The Kremlin ally rarely reveals defeats but admitted that losses were “big on that day”.

Elsewhere in Ukraine, local authorities reported a Russian strike that injured one person and damaged two multistorey buildings as well as a bakery in the southern Mykolaiv region.

In the eastern Donetsk region, four people were killed and nine others injured in the past 24 hours, including in Bakhmut, a town where fierce battles have been taking place, regional governor Pavlo Kyrylenko said.

Aksyonov also said that he and Kiriyenko visited the Zaporizhzhia nuclear power plant — Europe’s largest atomic facility — further north on the Dnipro River in Russian-occupied territory.

Russia and Ukraine have accused each other of shelling the plant, sparking fears of a nuclear disaster.

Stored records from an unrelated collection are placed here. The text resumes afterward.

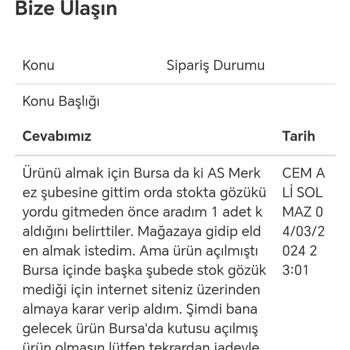 Vatan Bilgisayar Teşhir Ürününü Sıfır Kapalı Kutu Adı Altında Satıyor.
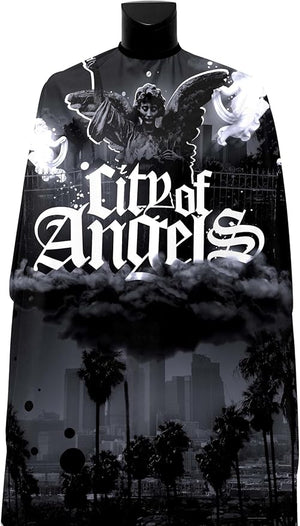 Illuzien City of Angels PRO Barber Cape Hair Cut Cape Water-Resistant Barber Accessories Professional Cape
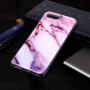 Etui plastikowe marmur do Honor 10 - różowe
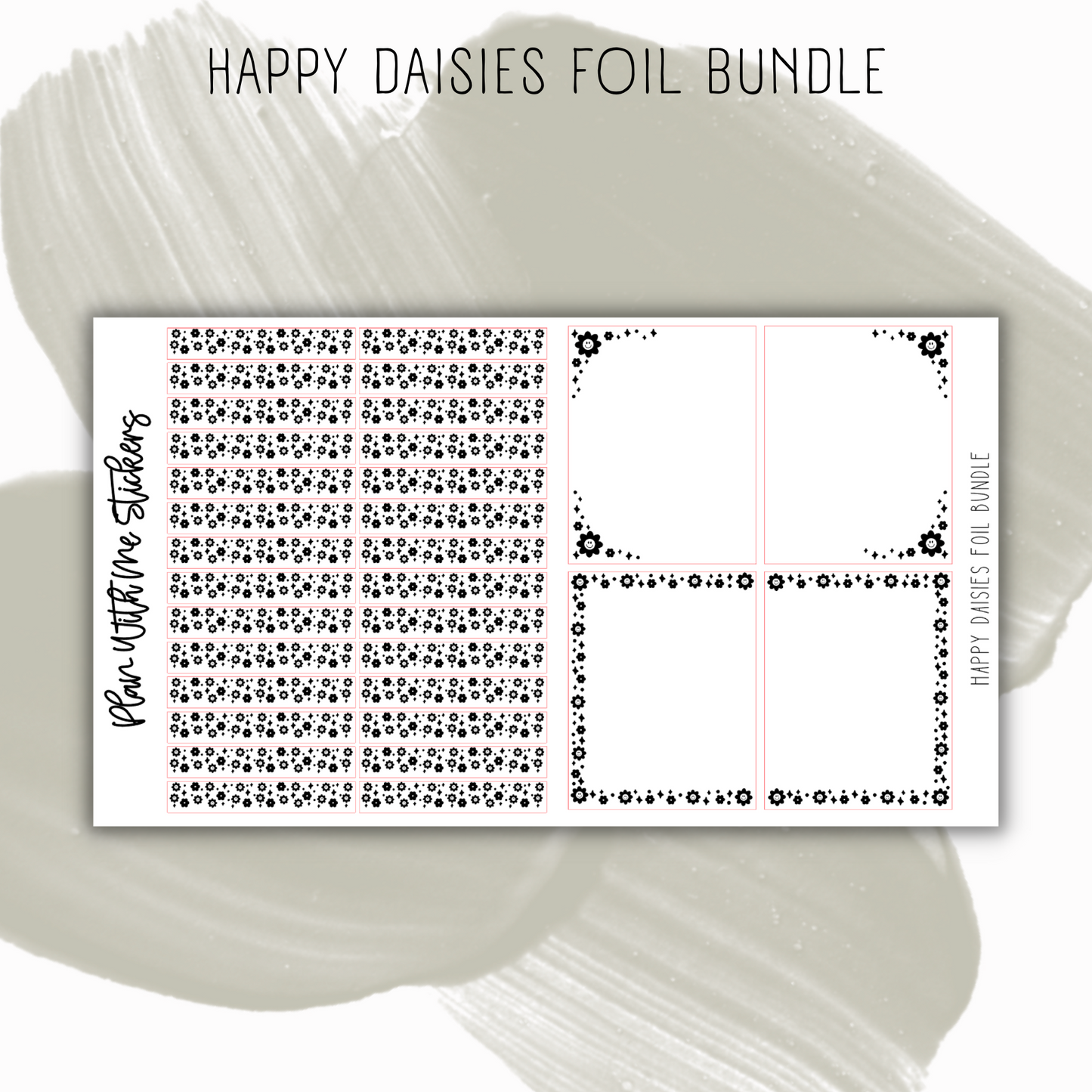Happy Daisies Foil Bundle
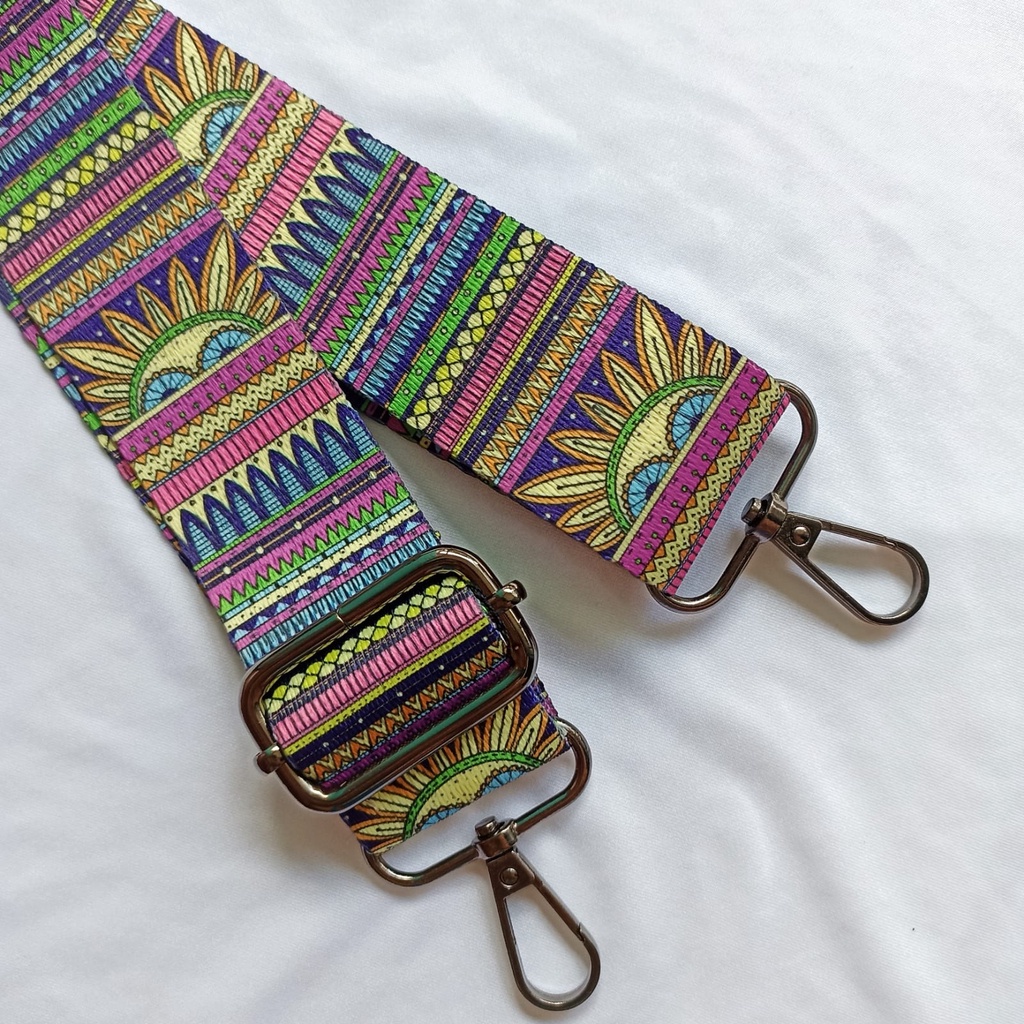 tali tas/longstrap panjang/tali rainbow tebal bisa diatur 120cm tali tas serbaguna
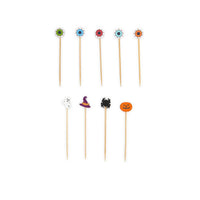 Design Shop Cocktail Hours 20 Piece Cocktail Picks in Gift Box - Bamboo Wood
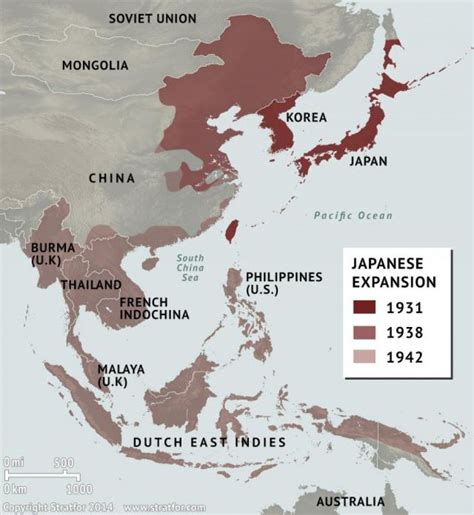 japan in world map during ww2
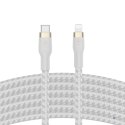 Kabel Belkin BoostCharge Pro Flex USB-C Cable with Lightning Connector 3m Silicone oplot White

Aksyonov said they “met with the staff and assessed the general situation in the area of the plant”.

Ukraine has accused Moscow’s forces of “kidnapping” the plant’s staff and said last week that around 50 employees are held in “captivity”.

Russian President Vladimir Putin on Thursday called on the UN’s atomic agency to inspect Ukraine’s nuclear site “as soon as possible” over Moscow’s allegations that Kyiv is preparing a “dirty bomb” attack.

A dirty bomb is a conventional bomb laced with radioactive, biological or chemical materials which are dispersed in an explosion.

Kyiv has dismissed these claims as “dangerous” lies and suspects Russia might itself use a dirty bomb in a “false flag” attack.

The International Atomic Energy Agency (IAEA) said Thursday it will conduct an “independent verification” of Russian allegations concerning the production of so-called dirty bombs at two sites in Ukraine.

In a rambling speech, Mr Putin warned that the world is facing the most dangerous decade since the end of the Second World War.

He went on to allege that the “West of has taken several steps towards escalation and they are always trying to escalate”.

“They’re fuelling the war in the Ukraine, organising politicians around Taiwan, destabilising the world food and energy markets,“ he said.

But he also hinted he was open to peace talks with the West.

“Either we continue accumulating the burden of problems that is said to crush all of us or we can work together to find solutions functional if imperfect ones solutions capable of rendering our world more stable and safer,” he said.

“The crisis has taken on a truly global magnitude. It affects everyone and we should not enter into any illusions, humanity is essentially faced with two options.”